Franchisor 101: Easier SBA Loan Approvals; and Perpetual Agreements
Barry Kurtz in Practical Lawyer
“Is the business sustainable in the marketplace? Franchises built on fad products or services rarely survive. To be sustainable, the business concept should be unique enough to withstand competition…” Click to read: How to Lead Your Clients to the Purchase of a Franchise
Our Attorneys Recognized
Barry Kurtz, Tal Grinblat and David Gurnick were named 2017 SoCal Super Lawyers in the Franchise/Dealership category. Only 12 attorneys in the entire region were so named. All three are also Certified Specialists in Franchise & Distribution Law, as designated by the State Bar of California Board of Legal Specialization — less than 60 attorneys in the entire state share that distinction.
New Team Member!
We are pleased to announce that Matthew J. Soroky joined our Practice Group as an associate. He has nearly 10 years’ experience in business litigation – and has devoted the last several years to franchise, distribution, licensing and intellectual property matters in both the transactional and litigation contexts. We look forward to introducing our clients to our newest team member.
Simplification of SBA Loan Approvals
As independent small business operators, franchisees may qualify for business loans that are guaranteed by the Small Business Administration (“SBA loans”). However, the SBA considers certain types and levels of control exerted by franchisors over franchisees to create an “affiliation” between them, disqualifying controlled franchisees for the loans because the SBA does not consider them “independent.”
Previously, a franchisor could draft an addendum to its Franchise Agreement to remove these controls and, after the addendum and Franchise Agreement were reviewed and approved annually by the SBA or an affiliate organization, franchisees signing the addendum could receive approval for SBA loans. This process was costly and time consuming.
However, as of January 1, 2017, the SBA simplified this process by prescribing a single form of addendum (the “SBA Addendum”) that will make any Franchise Agreement kosher. Franchisors are now required to use these 2-page forms to qualify their franchisees for SBA loans, but now no review or approval by the SBA is needed.
SBA Addendums remain effective until either the underlying loan is paid off or the SBA no longer has any interest in the loan.
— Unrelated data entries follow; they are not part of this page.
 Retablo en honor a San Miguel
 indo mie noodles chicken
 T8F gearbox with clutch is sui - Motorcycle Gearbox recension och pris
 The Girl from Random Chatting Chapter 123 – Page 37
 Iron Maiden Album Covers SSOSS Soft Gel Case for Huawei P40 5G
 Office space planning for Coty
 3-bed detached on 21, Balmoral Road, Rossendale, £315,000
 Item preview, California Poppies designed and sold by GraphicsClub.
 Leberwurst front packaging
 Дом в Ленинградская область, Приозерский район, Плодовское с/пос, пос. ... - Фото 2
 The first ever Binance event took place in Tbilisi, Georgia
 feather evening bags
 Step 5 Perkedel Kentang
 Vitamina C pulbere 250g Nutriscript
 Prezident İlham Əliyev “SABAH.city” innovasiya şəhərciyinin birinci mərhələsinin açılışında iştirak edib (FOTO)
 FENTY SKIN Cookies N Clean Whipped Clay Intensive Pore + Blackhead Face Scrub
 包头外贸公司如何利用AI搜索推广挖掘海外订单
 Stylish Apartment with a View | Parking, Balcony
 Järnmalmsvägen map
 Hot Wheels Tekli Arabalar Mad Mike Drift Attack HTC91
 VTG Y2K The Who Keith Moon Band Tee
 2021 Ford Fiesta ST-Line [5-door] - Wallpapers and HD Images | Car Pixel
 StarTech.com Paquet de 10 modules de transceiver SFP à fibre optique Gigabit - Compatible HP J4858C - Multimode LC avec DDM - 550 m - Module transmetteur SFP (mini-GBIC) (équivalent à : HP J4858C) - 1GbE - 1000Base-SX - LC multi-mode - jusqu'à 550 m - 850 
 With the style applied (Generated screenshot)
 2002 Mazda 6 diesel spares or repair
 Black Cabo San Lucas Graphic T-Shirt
In summary, the addendums modify Franchise Agreements as follows:
- Change of Ownership: 1) The franchisor has no right of first refusal if the franchisee wants to transfer a partial interest in the franchise to a family member or one of the franchise’s present owners. 2) The franchisor cannot unreasonably withhold consent to any proposed transfer. 3) After a transfer, the transferor cannot be held liable for the actions of the transferee.
- Forced Sale of Assets: Upon the default or termination of a franchise: 1) If the franchisor exercises a right to force the franchisee to sell it the assets of the business but the parties cannot agree on a price, then the price will be determined by an appraiser appointed jointly by the parties. 2) If the franchisee owns the real estate where the franchise was located, then the franchisor cannot compel the franchisee to sell it the property, but rather only to lease it for fair market value for the remainder of the franchise’s term.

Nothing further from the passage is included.